HDFGroup / h5pyd

h5py distributed - Python client library for HDF Rest API
Other
110 stars 39 forks source link

iterate over chunks on dataset initialization #99

Closed jananzhu closed 3 months ago

jananzhu commented 3 years ago

Fixes #88 Hi, we are running into the above issue with the HSDS server returning 413 errors when we try to write HDF5 files that are around ~200MB to HSDS. We've implemented the solution suggested in the issue here and it seems to resolve the issue for us.

jananzhu commented 3 years ago

create_dataset is failing for scalar datasets after this change, but I think it's uncovering an existing issue with the ChunkIterator for scalar datasets.

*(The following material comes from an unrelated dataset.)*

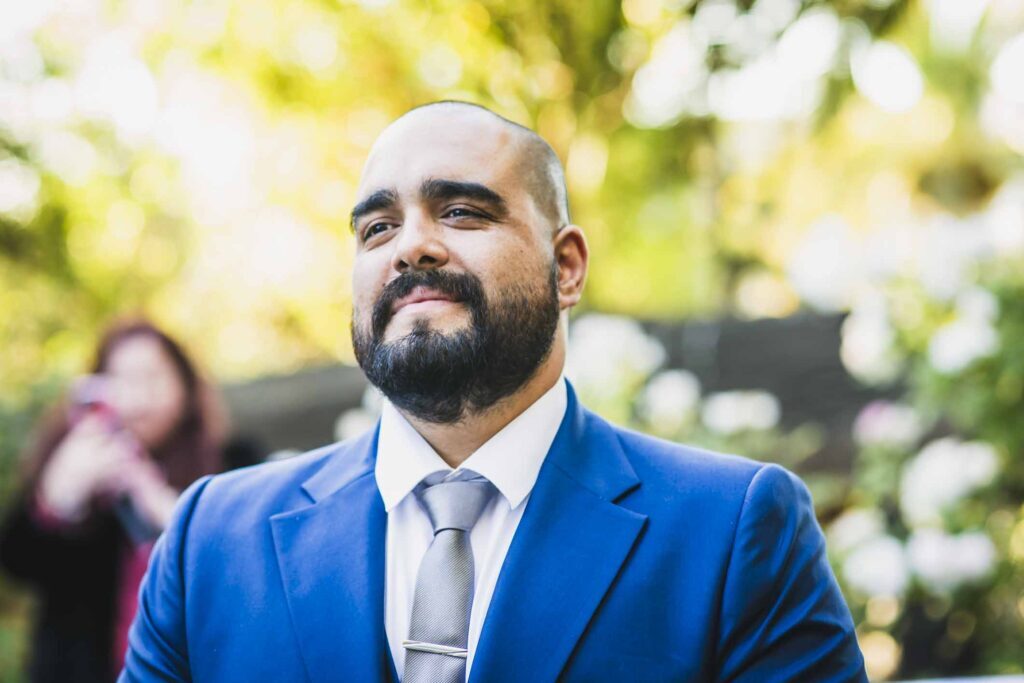 Matrimonio de Crtistobal y Katherine en Chapanay – foto de Antonio Orellana (63)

Traceback (most recent call last):
  File "test_complex_numbers.py", line 57, in test_complex_attr
    dset = f.create_dataset('x', data=5)
  File "/home/travis/virtualenv/python3.7.1/lib/python3.7/site-packages/h5pyd-0.8.2-py3.7.egg/h5pyd/_hl/group.py", line 338, in create_dataset
    for chunk in it:
  File "/home/travis/virtualenv/python3.7.1/lib/python3.7/site-packages/h5pyd-0.8.2-py3.7.egg/h5pyd/_apps/chunkiter.py", line 111, in __next__
    if self._chunk_index[0] * self._layout[0] >= self._shape[0]:
IndexError: tuple index out of range

The if self._layout == () block in ChunkIterator.__next__ seems like it's intended to catch this case before it reaches the code in the traceback, but the chunk size tuple for a scalar dataset in HSDS currently returns (1,). Perhaps the check could be replaced by if self._shape == ()?